EXERCISE
Reproduce the entries exactly.
▬▬▬
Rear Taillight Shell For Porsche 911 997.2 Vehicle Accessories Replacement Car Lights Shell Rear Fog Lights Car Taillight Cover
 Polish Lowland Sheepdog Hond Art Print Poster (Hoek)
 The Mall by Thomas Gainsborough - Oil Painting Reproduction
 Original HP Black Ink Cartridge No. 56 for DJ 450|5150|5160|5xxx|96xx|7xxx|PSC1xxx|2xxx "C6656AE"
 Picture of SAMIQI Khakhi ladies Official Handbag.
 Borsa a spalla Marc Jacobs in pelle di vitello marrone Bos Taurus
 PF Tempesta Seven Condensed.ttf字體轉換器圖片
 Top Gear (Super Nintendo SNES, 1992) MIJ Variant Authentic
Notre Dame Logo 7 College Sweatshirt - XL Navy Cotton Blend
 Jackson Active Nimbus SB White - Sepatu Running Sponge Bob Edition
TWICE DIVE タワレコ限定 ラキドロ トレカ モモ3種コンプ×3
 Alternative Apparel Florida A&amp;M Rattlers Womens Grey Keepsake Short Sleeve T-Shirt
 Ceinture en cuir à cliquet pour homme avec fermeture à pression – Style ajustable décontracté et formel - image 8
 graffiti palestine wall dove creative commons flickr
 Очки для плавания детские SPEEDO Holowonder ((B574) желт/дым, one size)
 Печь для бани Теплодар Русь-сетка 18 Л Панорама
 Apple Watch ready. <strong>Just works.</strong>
▬▬▬
WRITTEN SOLUTION
Rear Taillight Shell For Porsche 911 997.2 Vehicle Accessories Replacement Car Lights Shell Rear Fog Lights Car Taillight Cover
 Polish Lowland Sheepdog Hond Art Print Poster (Hoek)
 The Mall by Thomas Gainsborough - Oil Painting Reproduction
 Original HP Black Ink Cartridge No. 56 for DJ 450|5150|5160|5xxx|96xx|7xxx|PSC1xxx|2xxx "C6656AE"
 Picture of SAMIQI Khakhi ladies Official Handbag.
 Borsa a spalla Marc Jacobs in pelle di vitello marrone Bos Taurus
 PF Tempesta Seven Condensed.ttf字體轉換器圖片
 Top Gear (Super Nintendo SNES, 1992) MIJ Variant Authentic
Notre Dame Logo 7 College Sweatshirt - XL Navy Cotton Blend
 Jackson Active Nimbus SB White - Sepatu Running Sponge Bob Edition
TWICE DIVE タワレコ限定 ラキドロ トレカ モモ3種コンプ×3
 Alternative Apparel Florida A&amp;M Rattlers Womens Grey Keepsake Short Sleeve T-Shirt
 Ceinture en cuir à cliquet pour homme avec fermeture à pression – Style ajustable décontracté et formel - image 8
 graffiti palestine wall dove creative commons flickr
 Очки для плавания детские SPEEDO Holowonder ((B574) желт/дым, one size)
 Печь для бани Теплодар Русь-сетка 18 Л Панорама
 Apple Watch ready. <strong>Just works.</strong>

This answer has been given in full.